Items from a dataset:

%%

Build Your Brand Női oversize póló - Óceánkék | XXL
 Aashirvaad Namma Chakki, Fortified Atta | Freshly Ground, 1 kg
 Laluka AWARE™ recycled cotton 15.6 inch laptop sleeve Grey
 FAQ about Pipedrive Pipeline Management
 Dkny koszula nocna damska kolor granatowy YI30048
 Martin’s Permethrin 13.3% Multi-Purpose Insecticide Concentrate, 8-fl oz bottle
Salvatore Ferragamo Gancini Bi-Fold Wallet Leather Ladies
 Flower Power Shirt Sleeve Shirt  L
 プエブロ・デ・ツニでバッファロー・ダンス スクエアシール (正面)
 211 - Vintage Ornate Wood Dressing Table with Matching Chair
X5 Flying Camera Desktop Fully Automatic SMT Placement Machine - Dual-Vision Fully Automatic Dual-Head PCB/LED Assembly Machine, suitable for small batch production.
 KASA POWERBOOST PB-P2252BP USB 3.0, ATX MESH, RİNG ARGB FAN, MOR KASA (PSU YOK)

%%

## Task goal
Each line in the records above must be returned exactly as it stands.

## Task response
Build Your Brand Női oversize póló - Óceánkék | XXL
 Aashirvaad Namma Chakki, Fortified Atta | Freshly Ground, 1 kg
 Laluka AWARE™ recycled cotton 15.6 inch laptop sleeve Grey
 FAQ about Pipedrive Pipeline Management
 Dkny koszula nocna damska kolor granatowy YI30048
 Martin’s Permethrin 13.3% Multi-Purpose Insecticide Concentrate, 8-fl oz bottle
Salvatore Ferragamo Gancini Bi-Fold Wallet Leather Ladies
 Flower Power Shirt Sleeve Shirt  L
 プエブロ・デ・ツニでバッファロー・ダンス スクエアシール (正面)
 211 - Vintage Ornate Wood Dressing Table with Matching Chair
X5 Flying Camera Desktop Fully Automatic SMT Placement Machine - Dual-Vision Fully Automatic Dual-Head PCB/LED Assembly Machine, suitable for small batch production.
 KASA POWERBOOST PB-P2252BP USB 3.0, ATX MESH, RİNG ARGB FAN, MOR KASA (PSU YOK)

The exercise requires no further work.